Er unterbrach das Spiel, zog das Buch hervor, das irgend so ein Ordnungsfanatiker wieder an seinen Platz gestellt hatte, und entfaltete sein Lesezeichen. Es war ein Brief eines Witwers, der beklagte, er sei zu alt für die Feldarbeit, und die Familie seiner seligen Frau schikaniere ihn von früh bis spät, aber er wisse nicht, wohin; Kinder hatten sie nicht, er sei ohne Mittel und auf die Hilfe der Verwandten angewiesen...

»Baut ihm ein eigenes kleines Haus am Rande des Gutes, lasst ihm Essen von der Gemeinde bringen«, schrieb Yemin in seiner kraftvollen, ein wenig unausgegorenen Handschrift auf die Petition und legte sie zu den anderen auf den Schreibtisch.

Und wie endet der Roman? Das muss er doch auch noch rasch erfahren. Heroischer Verzicht und das Versprechen ewiger, unerfüllter Liebe? Der Prinz, der mit dem Feind schlief, ist ein Kandidat für die Steinigung, als er, in die Enge getrieben, die Hochzeit mit der Prinzessin absagt. Er bekennt sich zu seiner Liebe, dem Nachbarkönig. Da er sich verkleidet hatte, wurde der Heerführer also getäuscht, und der Hof seines Onkels befürchtet den nächsten Krieg! Zudem hat er lästerliche Unzucht getrieben! Allein dafür gebührt ihm strenge Strafe. Schon führt man ihn hinaus, um ihn zu steinigen, da schlägt vibrierend ein Pfeil in den Pfahl, an den man ihn fesselt. Um den Schaft des Pfeils ist ein Brief gewickelt, der Henker liest ihn laut vor, da man so den Deliquenten und dem Publikum üblicherweise die Begnadigung verkündet! Tatsächlich, der Nachbarkönig ist gerade noch rechtzeitig herbeigeilt, bekennt sich zu Sabir, spricht ihn von aller Schuld frei und bietet ihm seine Liebe und das halbe Schloss. Also hat sein Mut letztlich die Stadt gerettet, so wird er begnadigt, und es entsteht unverbrüchliche politische Partnerschaft.

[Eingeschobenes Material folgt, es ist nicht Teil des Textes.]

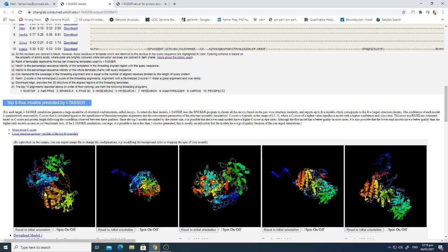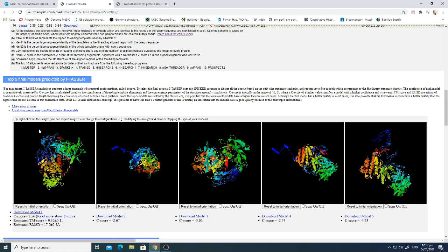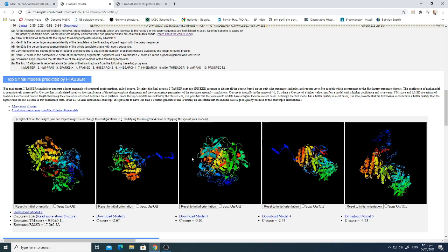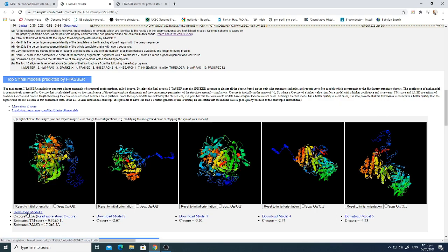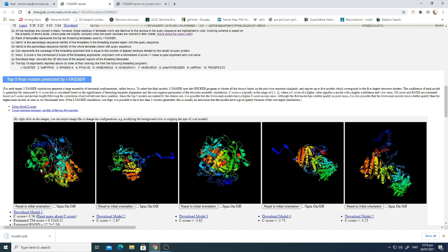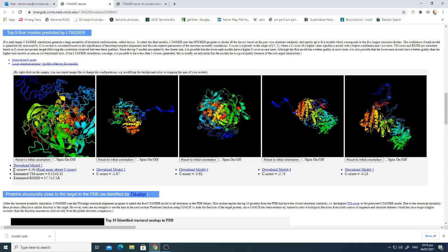The top five final models predicted by I-TASSER are shown next. You can click on each structure to see all the helices and beta strands predicted for your protein of interest. You can download each model by clicking 'Download Model', which downloads the PDB structure for further analysis. You can also zoom in and zoom out to view the structure on the website.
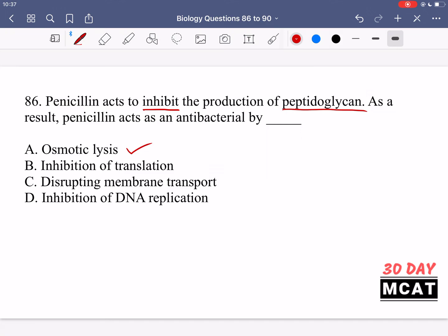So option A, osmotic lysis — this makes sense and is one way penicillin can kill bacteria. Option B, inhibition of translation — peptidoglycan is related to cell walls, not ribosomes and translating RNA, so it's not relevant there. Option C, disrupting membrane transport — peptidoglycan is part of the membrane structure but it's not related to proteins involved in membrane transport. Water would be rushing in more so than any specific solutes, so it's not directly related to membrane transport either.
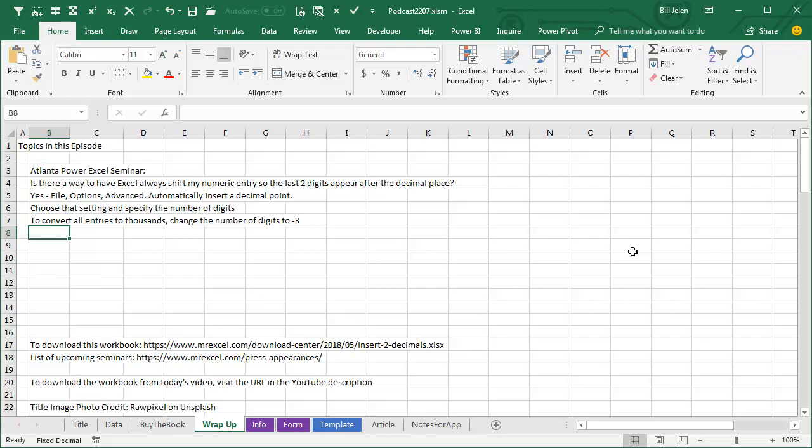One hassle, you can't do this to just a range, it's global, it's going to work in all cells, all sheets, all workbooks, so turn it on when you need to do some data entry, and then turn it off.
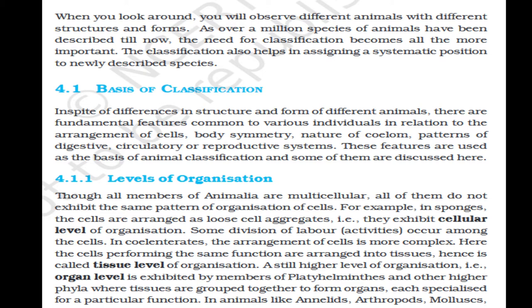When you look around you will observe different animals with different structures and forms. As over a million species of animals have been described till now, the need for classification becomes all the more important. Classification also helps in assigning a systematic position to newly described species. Section 4.1: Basis of Classification. In spite of differences in structure and form, there are fundamental features common to various individuals in relation to the arrangement of cells, body symmetry, nature of coelom, and patterns of digestive, circulatory or reproductive systems. These features are used as the basis of animal classification.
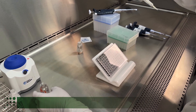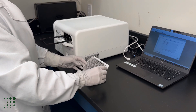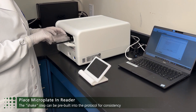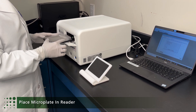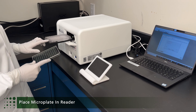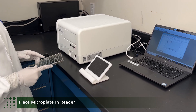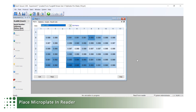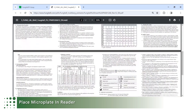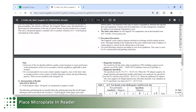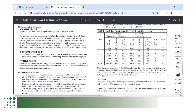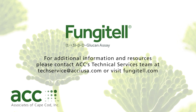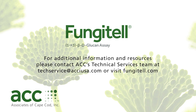Replace the microplate lid and move to the reader. Insert the microplate, carefully remove the lid, and ensure that the plate reader shakes the plate for 5 to 10 seconds. Read the microplate with the lid removed for 40 minutes at 37°C. Once the assay is complete, there are options to review the results, print a report, or export to LIMS. Guidance for result interpretation and quality control criteria for assay and sample are listed in the instructions for use. For additional information and resources, please contact ACC's technical services team or visit fungitel.com.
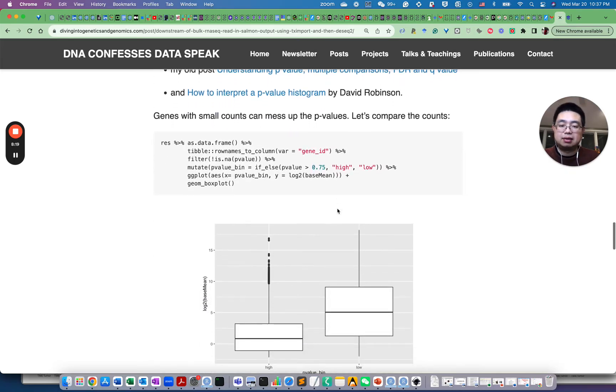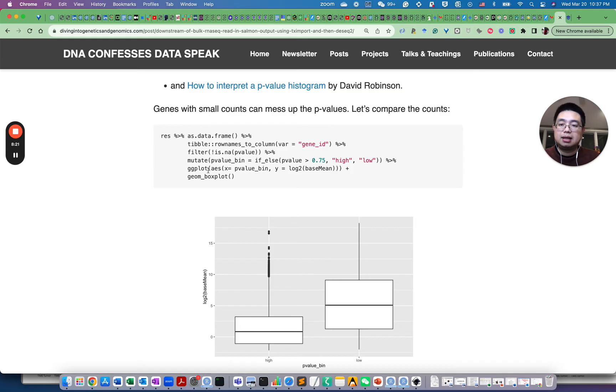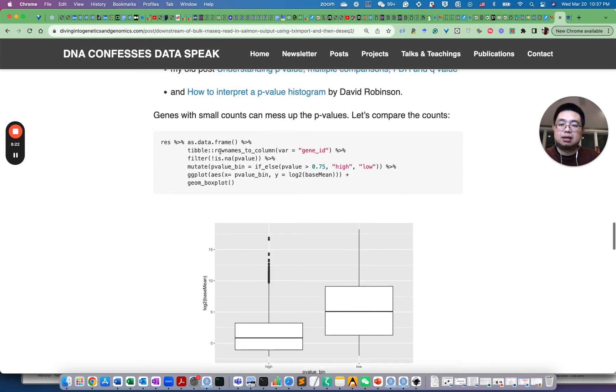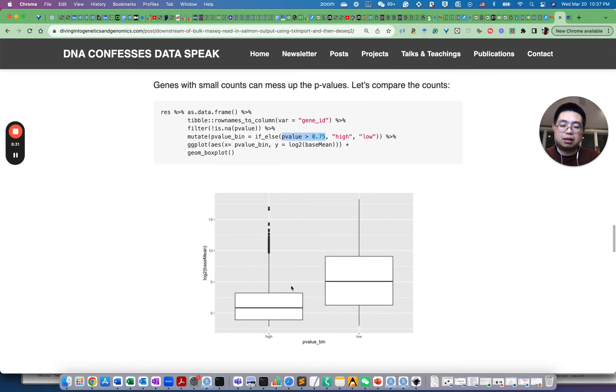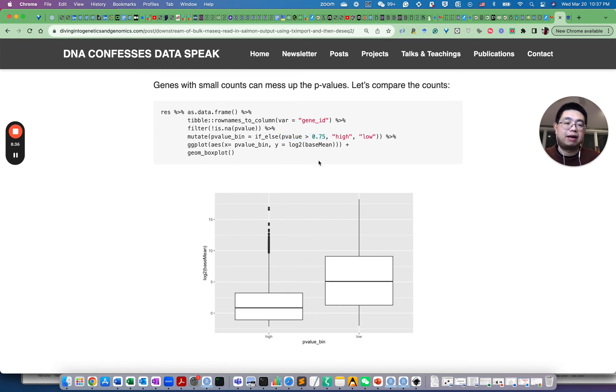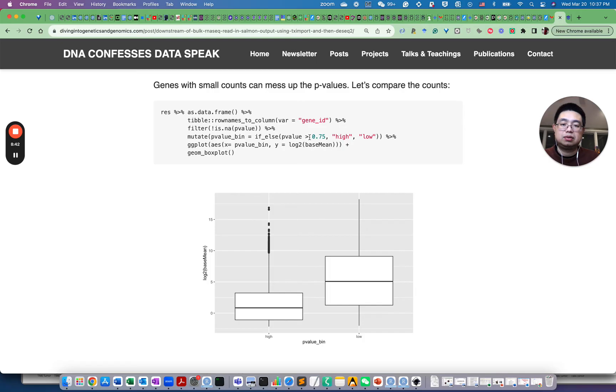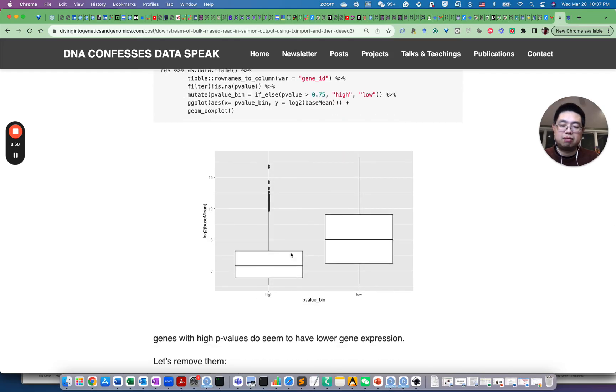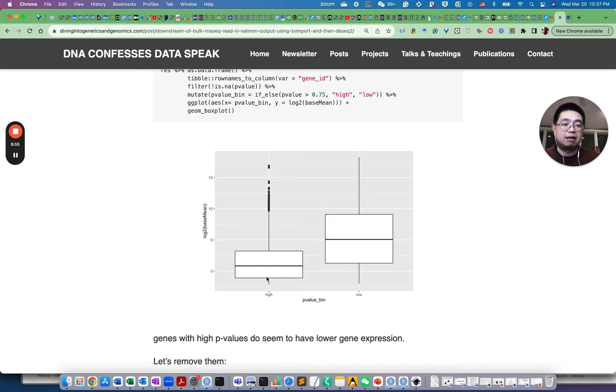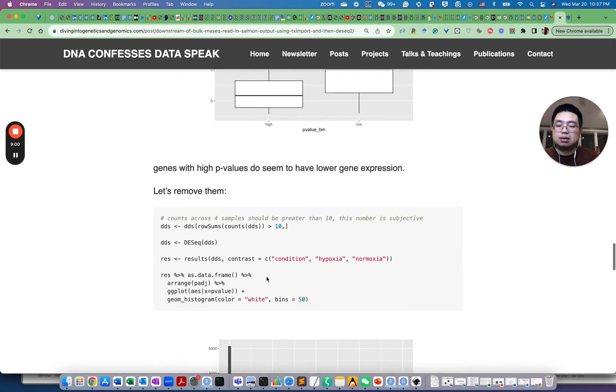And so what I did, I kind of categorized the genes based on their p-value. And then I plot their base mean, essentially the average expression level between those two groups. So for genes with p-value greater than 0.75, I see those are high p-value genes, those are low p-value genes. And it looks like they do have much smaller base mean, which means they have less gene expression.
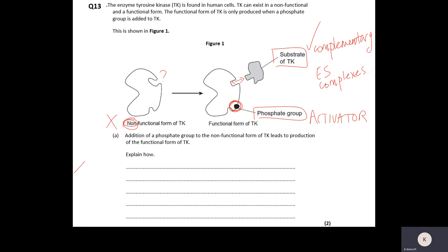Now question 13 — we're going to do some annotation as I did in class. At the top it says tyrosine kinase, which is a type of enzyme found in human cells. It can exist in a non-functional form and a functional form. On the left we've got the non-functional form; on the right the functional form. If you look at the diagram on the right, the shape of the active site is complementary to the shape of part of the substrate.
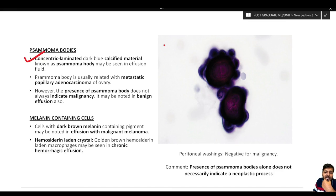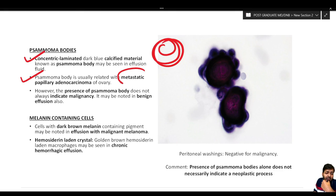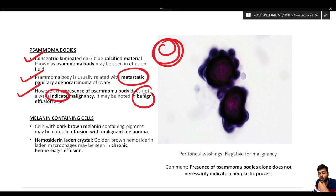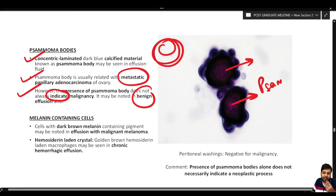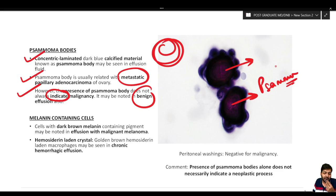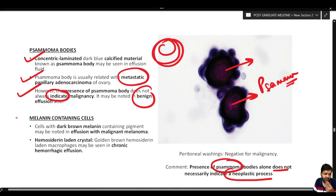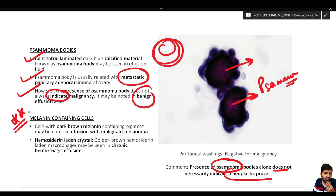Mast cells may be present in effusion fluid — mononuclear cells with blotchy purple metachromatic granules in cytoplasm on MGG stain, not recognizable on PAP stain. Psammoma bodies are a type of dystrophic calcification — concentric laminated dark blue calcified material. They are usually related to metastatic papillary adenocarcinoma of the ovary or other papillary carcinomas, but importantly, the presence of psammoma bodies does not always indicate malignancy and may be noted in benign effusion. Melanin-containing cells may be noted in malignant melanoma. Hemosiderin-laden macrophages (golden-brown hemosiderin) may be seen in chronic hemorrhagic effusion.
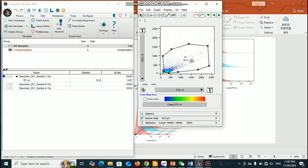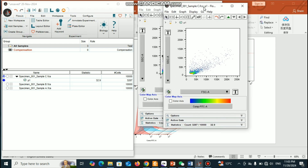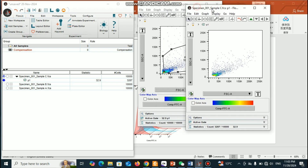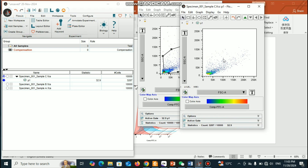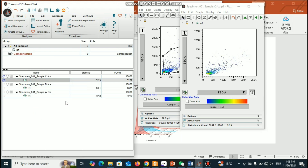Let's assume around 33 percent gating. Now here you can double-click and you will get only the live cells. So I want to analyze this data. Here you can do a right-click and then 'Copy Analysis to Group' — then you will get all of the data with the similar gating system.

Ach, und ohne diesen Verdienst hättet ihr ihn kaltherzig erschlagen?

Ha! Ihr Memmen! Heroischer Verzicht!

Nein. Es lebe die Liebe! Liebende gleichen Geschlechts sollen vor dem Gesetz sein wie Mann und Frau.

Gesiegelt und verkündet.

Er erinnert sich nun aber, dass das Gesetz dies noch verbietet. Da ist göttliches Eingreifen gefragt.

Yemin machte eine Notiz in der Planungsliste für die Vorhaben göttlicher Gebote und kehrte zum Schachtisch zurück. Dort führte er die Partie zuende und gewann zum ersten Mal.

»Ich ziehe mich nun zurück«, sagte er zu dem unsichtbaren Gast, »kommen Sie gut heim, grüßen Sie Ihre Großmutter von mir, alsdann, bis zum nächsten Mal, es war mir ein Vergnügen. Gute Nacht.«

Ein Knall, zugleich mit fahlgrün grellem Licht, beantwortete seinen Abschiedsgruß und erschreckte ihn fast zu Tode. Nun erst ging das Gewitter mit voller Wucht nieder. Die Glut im Kamin flackerte noch einmal bläulich auf, eine Bö rauschte durch die Baumkronen. Yemin, eingedenk seiner Pläne, verwarf tapfer den Impuls, sich ins Gästezimmer zu flüchten. Statt dessen trat er todesmutig durch die verbotene Tür. Einmal im Leben habe ich diese Chance — nun will ich’s wissen.